Definitely, there's a large supermarket (Choithrams), a few coffee shops (Costa and Caribou), several restaurants (Nando's, KFC, Wagamama and a few others I can't remember). Some of the bars/restaurants/salons in TECOM will be walking distance too.


----------



## wandabug (Apr 22, 2010)

jjr said:


> Hello - thanks for your help.
> Does the rent 50-55k include DEWA? If not, how much is it per year?
> And is possible to find a flat without agent's fees?


DEWA is extra - allow dhs.150-250 a month. + 5% of your annual rent for housing fee (paid monthly and added to your DEWA bill).
Yes it is possible to find properties advertised directly from the landlord and thus avoid paying an agent's fee. Of course you know all the legalities of renting in Dubai and know how to make sure that the person you are handing over all that money to is the legal owner of the property. You know how a legal Tenancy Agreement should be worded, and you know how to register your tenancy Agreement with the relevant dept to ensure that you are renting legally!!! Or you could pay the 5% agency fee and not risk being ripped off.
99% of rentals are listed through agencies.


----------



## Tropicana (Apr 29, 2010)

wandabug said:


> Or you could pay the 5% agency fee and not risk being ripped off.


sadly too many people are ripped off even when they use agents...


----------



## jjr (Aug 28, 2011)

Sadly true. Do you know some good ones where is risk lower? Thank you!


----------



## jjr (Aug 28, 2011)

Does anybody know good property agents who can help to find long term rental property before the arrival to Dubai? Flat would be ideally located in Greens & Views or in JTL.
Thanks in advance.


----------



## wandabug (Apr 22, 2010)

jjr said:


> Does anybody know good property agents who can help to find long term rental property before the arrival to Dubai? Flat would be ideally located in Greens & Views or in JTL.
> Thanks in advance.


There is very little you can do before you arrive. You need your residency permit (or a letter stating that it is under process) and a UAE bank account before you can sign a Tenancy Agreement. Neither of these can be obtained before you arrive.There is plenty of properties for rent. Wait til you arrive and then view plenty of apartments before deciding. Check out Dubizzle in the meantime but nothing beats actually viewing.


----------



## jjr (Aug 28, 2011)

*realtors in Dubai*

Thanks lot - got it. But what about some agency you can recommend to work with? Is there such eg. Better Homes etc?


----------



## Gavtek (Aug 23, 2009)

They're all as bad as each other. The right property for you is the one they're showing you and the one that will give them their commission cheque.

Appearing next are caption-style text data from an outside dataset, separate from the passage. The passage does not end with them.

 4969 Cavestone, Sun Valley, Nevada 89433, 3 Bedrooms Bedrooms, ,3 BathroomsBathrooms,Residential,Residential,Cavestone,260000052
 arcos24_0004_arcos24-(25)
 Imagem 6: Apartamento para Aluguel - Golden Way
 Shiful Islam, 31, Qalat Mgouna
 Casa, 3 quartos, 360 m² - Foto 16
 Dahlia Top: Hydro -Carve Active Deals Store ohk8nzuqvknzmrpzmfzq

You're best off doing your own research and relying on these people as little as possible. They'll still expect their commission cheque from you though.


----------



## jjr (Aug 28, 2011)

Thanks but do you know other good source besides Dubizzle?


----------



## Gavtek (Aug 23, 2009)

There's Dubai Real Estate, Dubai Property, Abu Dhabi Properties For Sale - propertyfinder.ae but a lot of the adverts can be unreliable.

It's a horrible process and I'm absolutely dreading going through it again later this year.


----------



## jjr (Aug 28, 2011)

So best wishes to both of us as I guess we will need it  Thanks for your tips!


----------



## jjr (Aug 28, 2011)

BTW what do you think about Green Community? Is it nice?


----------



## Gavtek (Aug 23, 2009)

Very nice, quite far away from all the action though and the entrance/exit is a nightmare. Would prefer somewhere closer to the sea.


----------



## wandabug (Apr 22, 2010)

jjr said:


> BTW what do you think about Green Community? Is it nice?


Very nice but you'll need a car.


----------